Go to the line containing "Tires burn on" in the records below and print it and every following line exactly, on through the line containing "Soldering with a", then stop.
[Records supplied Boundary: Start]
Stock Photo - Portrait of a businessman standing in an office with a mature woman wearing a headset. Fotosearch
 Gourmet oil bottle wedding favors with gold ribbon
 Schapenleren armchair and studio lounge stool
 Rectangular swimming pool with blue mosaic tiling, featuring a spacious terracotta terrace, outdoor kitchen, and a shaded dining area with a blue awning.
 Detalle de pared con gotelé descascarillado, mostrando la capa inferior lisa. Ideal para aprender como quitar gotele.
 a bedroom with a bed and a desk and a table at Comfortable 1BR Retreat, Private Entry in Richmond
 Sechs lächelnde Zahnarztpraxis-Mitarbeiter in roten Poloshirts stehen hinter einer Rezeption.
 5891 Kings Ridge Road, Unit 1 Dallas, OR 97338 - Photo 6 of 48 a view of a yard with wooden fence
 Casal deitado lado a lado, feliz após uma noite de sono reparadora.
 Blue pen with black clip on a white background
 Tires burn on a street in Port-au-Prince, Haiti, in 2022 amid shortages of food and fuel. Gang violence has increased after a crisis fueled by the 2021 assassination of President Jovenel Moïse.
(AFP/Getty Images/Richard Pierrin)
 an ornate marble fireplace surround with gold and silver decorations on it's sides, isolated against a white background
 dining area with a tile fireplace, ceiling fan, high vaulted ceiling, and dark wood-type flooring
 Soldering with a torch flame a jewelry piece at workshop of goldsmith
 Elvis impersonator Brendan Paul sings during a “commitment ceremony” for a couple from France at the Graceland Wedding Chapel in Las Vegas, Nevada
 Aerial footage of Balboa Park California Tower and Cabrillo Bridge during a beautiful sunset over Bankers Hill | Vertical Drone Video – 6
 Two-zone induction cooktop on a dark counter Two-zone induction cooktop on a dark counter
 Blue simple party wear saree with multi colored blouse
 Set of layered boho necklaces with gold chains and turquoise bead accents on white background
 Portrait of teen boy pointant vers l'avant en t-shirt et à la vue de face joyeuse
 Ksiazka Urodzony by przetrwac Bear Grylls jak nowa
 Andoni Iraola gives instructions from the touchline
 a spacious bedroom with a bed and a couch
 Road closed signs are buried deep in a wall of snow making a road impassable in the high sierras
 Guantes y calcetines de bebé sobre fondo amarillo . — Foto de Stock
[Records supplied Boundary: End]
Task answer:
 Tires burn on a street in Port-au-Prince, Haiti, in 2022 amid shortages of food and fuel. Gang violence has increased after a crisis fueled by the 2021 assassination of President Jovenel Moïse.
(AFP/Getty Images/Richard Pierrin)
 an ornate marble fireplace surround with gold and silver decorations on it's sides, isolated against a white background
 dining area with a tile fireplace, ceiling fan, high vaulted ceiling, and dark wood-type flooring
 Soldering with a torch flame a jewelry piece at workshop of goldsmith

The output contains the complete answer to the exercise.